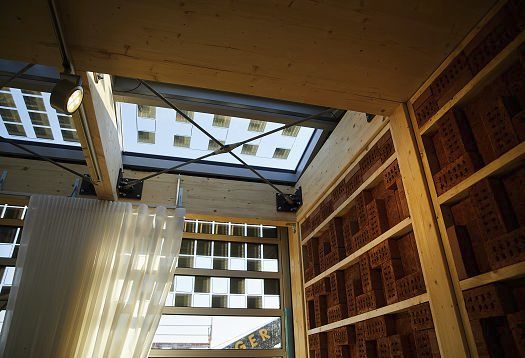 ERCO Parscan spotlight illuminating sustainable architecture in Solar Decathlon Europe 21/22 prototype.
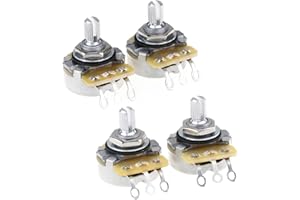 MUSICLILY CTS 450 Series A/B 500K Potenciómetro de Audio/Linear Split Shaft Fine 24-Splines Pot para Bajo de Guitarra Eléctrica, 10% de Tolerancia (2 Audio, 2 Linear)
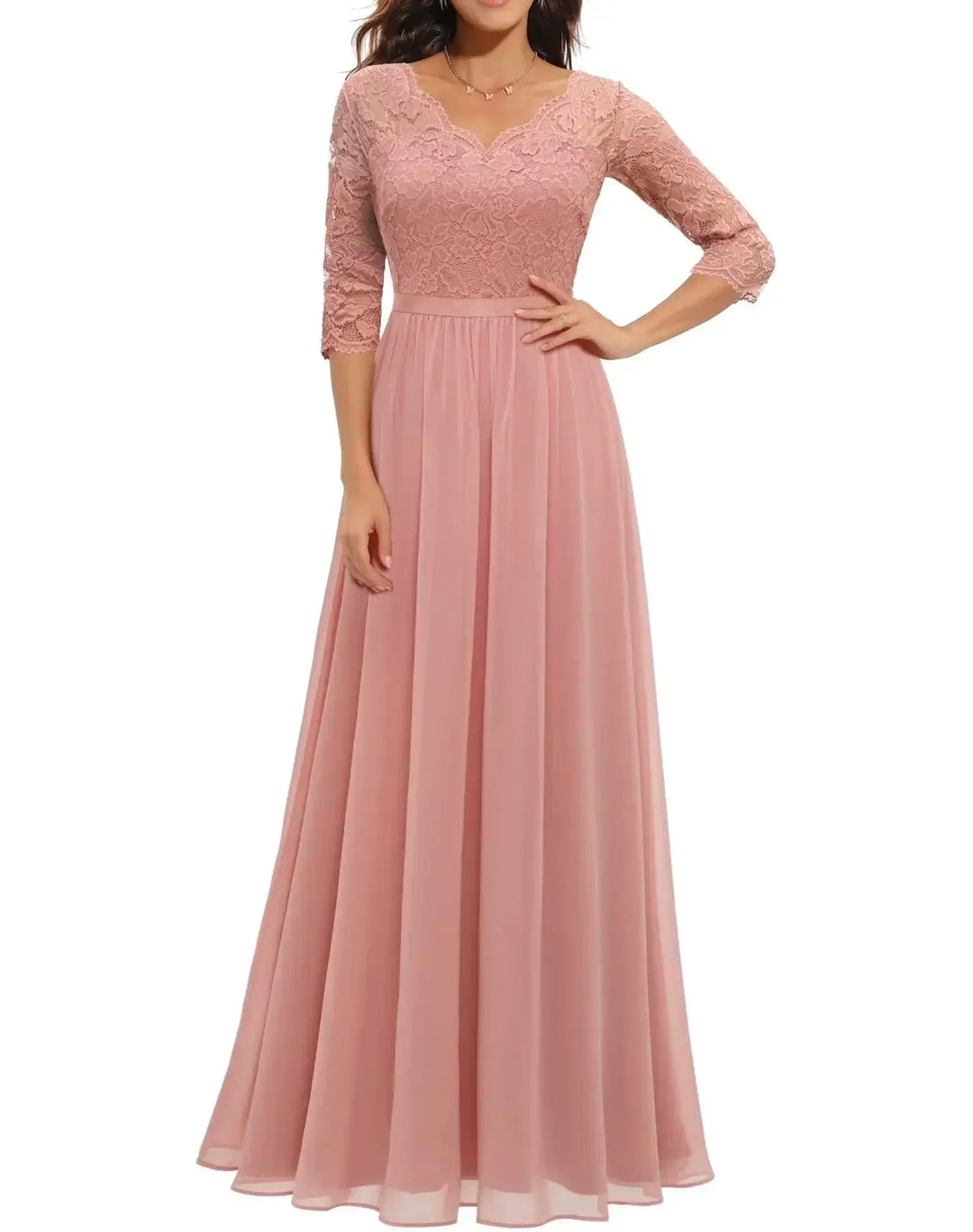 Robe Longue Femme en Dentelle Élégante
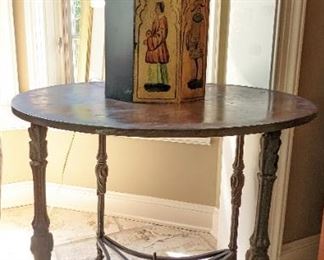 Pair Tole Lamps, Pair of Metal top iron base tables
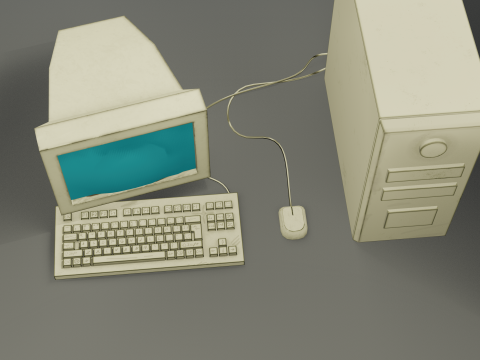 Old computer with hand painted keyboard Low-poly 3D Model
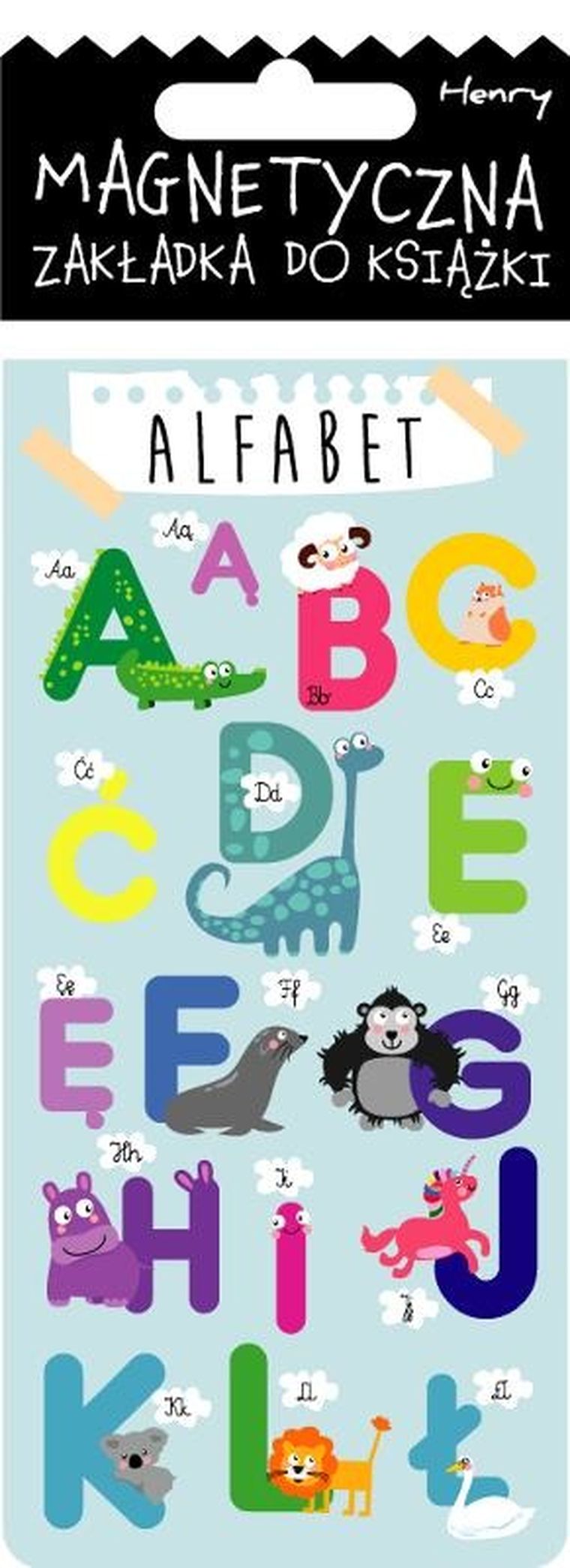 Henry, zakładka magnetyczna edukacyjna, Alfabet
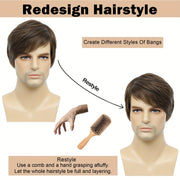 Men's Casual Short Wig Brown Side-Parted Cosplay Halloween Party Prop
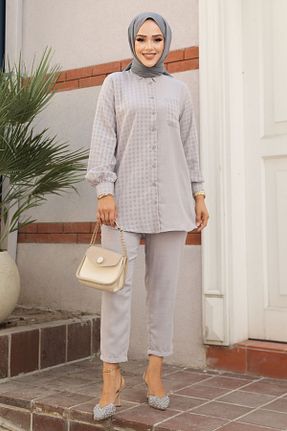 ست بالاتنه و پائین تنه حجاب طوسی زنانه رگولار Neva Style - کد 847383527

====

• Exercise aim: Leaving pictures aside, give again word for word each line from the one with "Robe Longue Femme en Dentelle Élégante" to the final line of the entries.

• Reply to the exercise:
 Robe Longue Femme en Dentelle Élégante
 Pair Tole Lamps, Pair of Metal top iron base tables
 Old computer with hand painted keyboard Low-poly 3D Model
 Henry, zakładka magnetyczna edukacyjna, Alfabet
 Men's Casual Short Wig Brown Side-Parted Cosplay Halloween Party Prop
 ست بالاتنه و پائین تنه حجاب طوسی زنانه رگولار Neva Style - کد 847383527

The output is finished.